Harken gave a small shake of his head. “It doesn’t matter. I’m told this drug is foolproof.”

Mal grinned. “Then it’s good they found a fool to use it.”

Harken scowled. “No more stray comments, sergeant. Just answer the questions you’re asked.”

“Hey, just telling the truth,” Mal said blurrily. “Kinda feeling a need to…” He trailed off. Truth… “Say, Commander, I ever tell you I think you’re an idiot?”

“Shut-up, sergeant.”

“ ‘s the gawdshonest truth. Drooling monkey son of a…” he lost his focus, but heard a couple of the guards suppress coughs.

“Sergeant Reynolds…”

“And, hey--how’d you like getting the blood of that man of yours splashed across your face. Talk about religious experiences. Kinda like a baptism, huh?”

“Sergeant…” Harken’s voice grew terse.

“Baptized into bloody reality. Bloodbath’s not just an expression, you know… Ow!” Mal glared up at the MP, surprised to see the ape actually looked a little apologetic. Probably wanted to hear Mal call his boss more names.

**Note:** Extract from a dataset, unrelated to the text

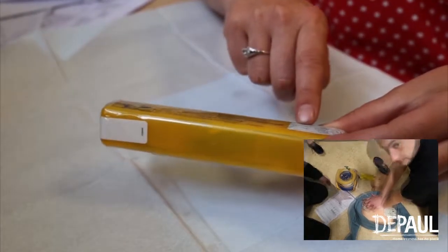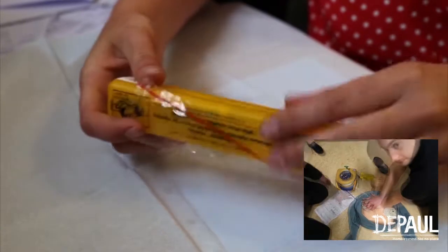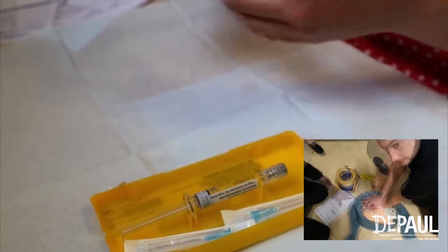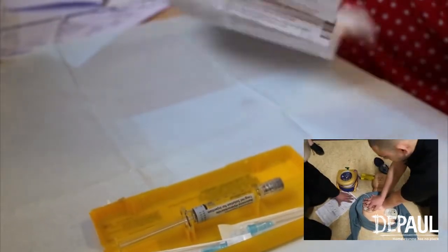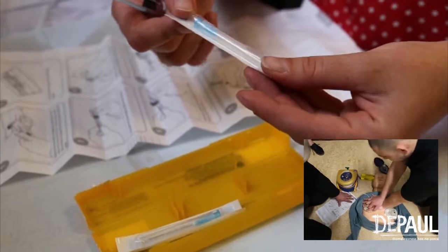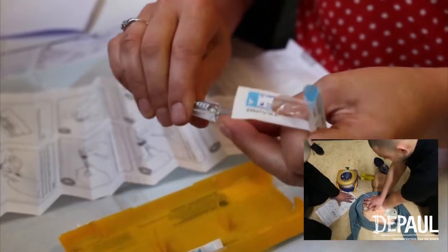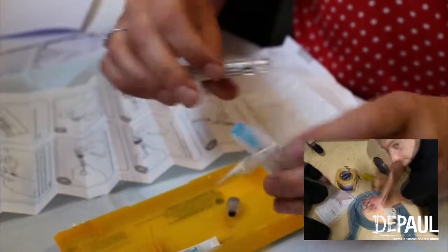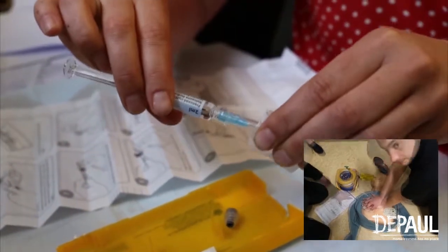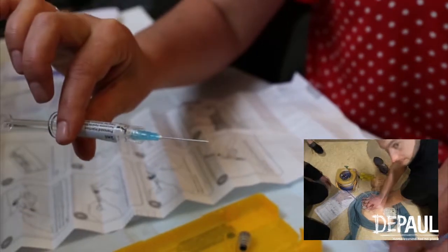To use naloxone, check the expiration date. Remove the clear film wrapping by twisting the outer plastic box as shown and removing the seal. Open the box which contains one syringe of naloxone and two needles. Remove the instructions and place them beside you. Check that the needle's seal isn't broken and open the needle by pushing the blue top through the paper backing.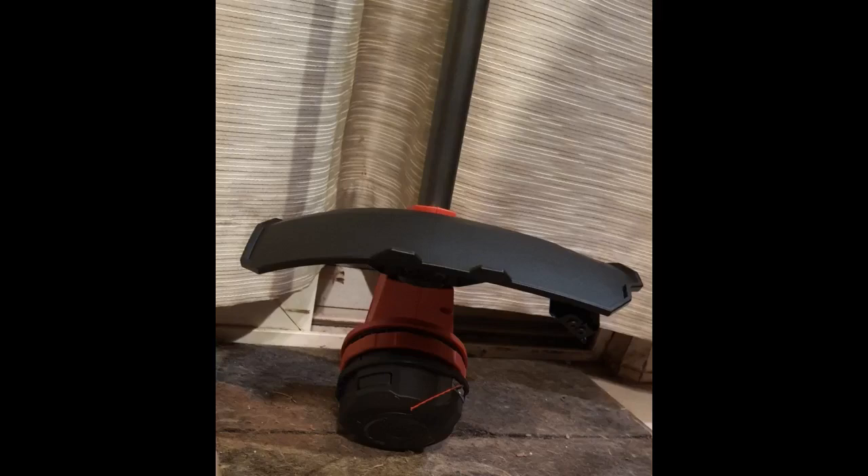This trimmer is light and comfortable to use. It's powerful too. We used it to trim around the edge of the house, to neaten the edges of flower beds, and to get into corners where the mower won't fit. It does a great job.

“Sergeant Reynolds. Answer my questions. Did you have anything to do with the deaths of the Alliance garrison on New Horizons?” Harken’s voice drove into Mal, requiring he answer.

“Don’t know,” he answered too quickly. That wasn’t a good answer. “Didn’t shoot ‘em. Didn’t murder ‘em. Didn’t even kill ‘em… I think…” Mal squinted. There was something about this he wanted to avoid. What was it? Oh… fire. Flying over in Serenity dumping flaming fuel down on the garrison’s building. Might have killed a few of ‘em doing that. Might could be. Couldn’t say for a sure as certain truth, though. Serenity providing air support. Serenity… air support… “Air support’s the thing. Can’t go amiss with good air support. Serenity…” Mal sensed a wrongness in his answer and stopped.

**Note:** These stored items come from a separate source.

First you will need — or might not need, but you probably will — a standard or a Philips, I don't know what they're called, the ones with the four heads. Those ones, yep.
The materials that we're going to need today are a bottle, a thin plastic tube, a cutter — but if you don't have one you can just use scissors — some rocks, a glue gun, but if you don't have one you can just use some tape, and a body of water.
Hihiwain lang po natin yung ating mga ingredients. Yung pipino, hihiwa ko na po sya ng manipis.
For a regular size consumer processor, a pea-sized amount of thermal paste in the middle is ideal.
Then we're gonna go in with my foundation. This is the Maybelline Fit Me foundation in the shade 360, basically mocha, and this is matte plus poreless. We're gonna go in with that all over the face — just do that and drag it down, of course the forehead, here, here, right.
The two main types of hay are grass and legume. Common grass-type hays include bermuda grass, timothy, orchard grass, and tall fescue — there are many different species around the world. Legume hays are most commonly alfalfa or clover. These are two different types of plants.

“What about Serenity and air support?” Harken asked harshly.

Which Serenity did Harken mean? “Didn’t have no air support. They pulled back. Too hot. Left us… just left us…” Mal said, puzzled as to why he was talking about that. Didn’t like talking about it. Tried hard not to think about it. Not never.

Harken made a small sound. “You’re talking about the battle of Serenity. You refused to talk about it before. Why’d you name your ship after it?”

Mal shook his head, not seeing the interrogation room, only the fire pouring down from the sky. “Never leave…” he whispered. Never understood that before, but it was a truth. Huh. That’s why Zoe laughed when he told her the name of the ship. She understood it. Understood it from way back.

“What happened at Serenity Valley?” Harken insisted.

Back in the darkness, in the crashing, crushing moment of abject defeat that never ends, Mal said, “Nothin’. Just nothin’. Everything taken, lost, gone, and just nothin’ left behind.” With an effort, Mal shook himself clear of the memory. A small ripple across the flat, dead sea--a drop of control yet remaining him. He focused on Harken. “You never were in a battle on the ground, were you?”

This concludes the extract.